Do Not Say We Have Nothing Quotes

Quotes

The people around her were weeping. At the front, the student leaders began to sing the Internationale.

Arise, slaves, arise!

Do not say that we have nothing.

We shall be the masters of the world!

Narrator/singing protesters

This quote reveals the origin of the title phrase. Occurring very near the end of the book, the singing is the climax of a tense standoff in Tiananmen Square between soldiers and protesting students. The soldier engage a military tactic of advancing upon their enemy in way that creates a funnel in which the soldiers represent the wide end and their opponents are squeezed into the tight end. It is a successful strategic move for the purpose of forcing the abandonment from a certain space of those who are wanted there. Amid the screaming and weeping and attempts to fight back, suddenly leader of the student opposite break out in the anthem of the revolution no matter the country. Although The Internationale has its origins in France, it has been re-appropriated and its lyrics tweaked to fit the needs of the country adopting it. A Chinese translation is used here, but a search for lyrics of the inspiration tune will reveal a wide variety of different words, thoughts and expressions. The particular line about not saying we have nothing is a fairly unique one not really representative of most other versions.

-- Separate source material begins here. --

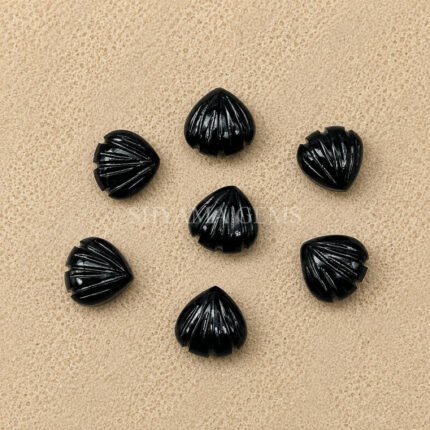Black Onyx Shell Carved Loose Gemstone 12mm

“If some people say what is in their hearts and other people say what glides easily off the tongue, how we can talk to one another? We will never find common purpose. I believe in the Party, of course, and I don’t want to lose faith. I will never lose faith…”

Tofu Liu

Since the bulk of this novel takes place in or is related to communist rule in China, it may not be the easiest task for many readers to locate something to which they can relate. This is an example of an exchange that many Americans can relate to intensely. Basically, what Tofu is talking about in the conversation taking place here has to do with ideological indoctrination, propaganda, and the challenge of thinking for yourself. While the topic of his concern is Chairman Mao’s instruction to defend the communist revolution by identifying that which is counter-revolutionary, the thoughts expressed here could just as easily be applied to the stark divide partisan divide separation the Right and Left in America in the wake of Donald Trump’s four years as President.

It was a few months later, in March 1990, that my mother showed me the Book of Records. That night, Ma was seated at her usual place at the dining table, reading. The notebook in her hand was tall and narrow, the dimensions of a miniature door. It had a loose binding of walnut-coloured cotton string.

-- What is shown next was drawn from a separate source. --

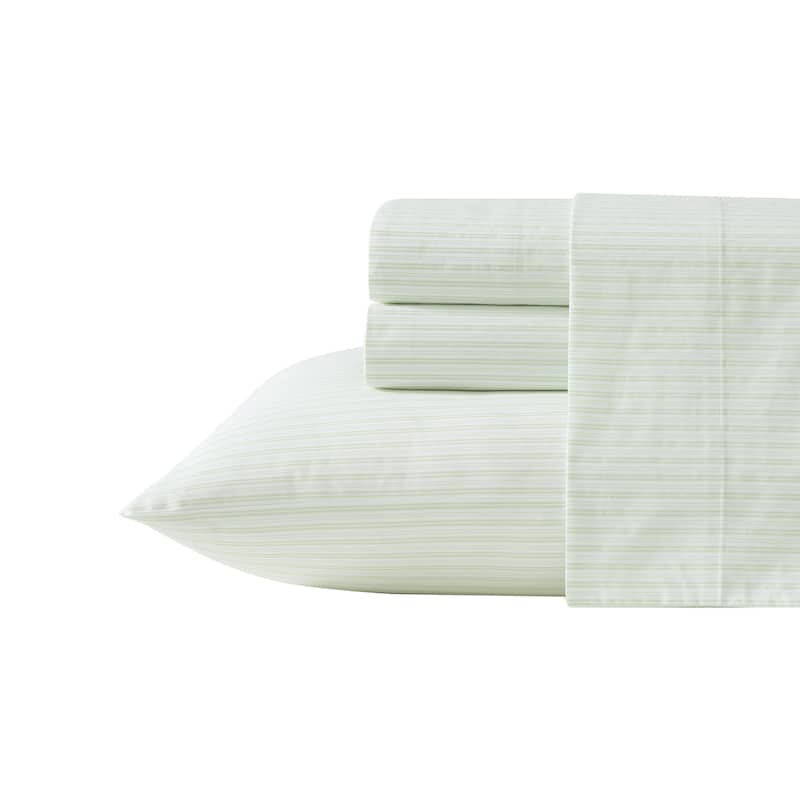 Laura Ashley Soft & Breathable Cotton Percale Deep-Pocket Sheet Set - Twin - Bedford Skinny Stripe Green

Jiang Li-ling, in narration

The first-person narrator who opens the story fairly quickly comes upon the Book of Records mentioned here. As the story book unfolds, its narrative focus widens outward to cover a variety of characters and situations far beyond the narrow focus that it seems it will pursue. The book has boasts a large cast of characters, many of them substantially significant but with individual narratives that do necessarily cross paths for the purpose of unification like one might expect. These multiple strains of subplots do wind up having a unifying effect, however, and that effect traces directly to the mysterious text discovered. The Book of Records will prove to be a sort of hidden treasure or treasure map itself that binds the disparate elements of the story together and makes it a coherent whole.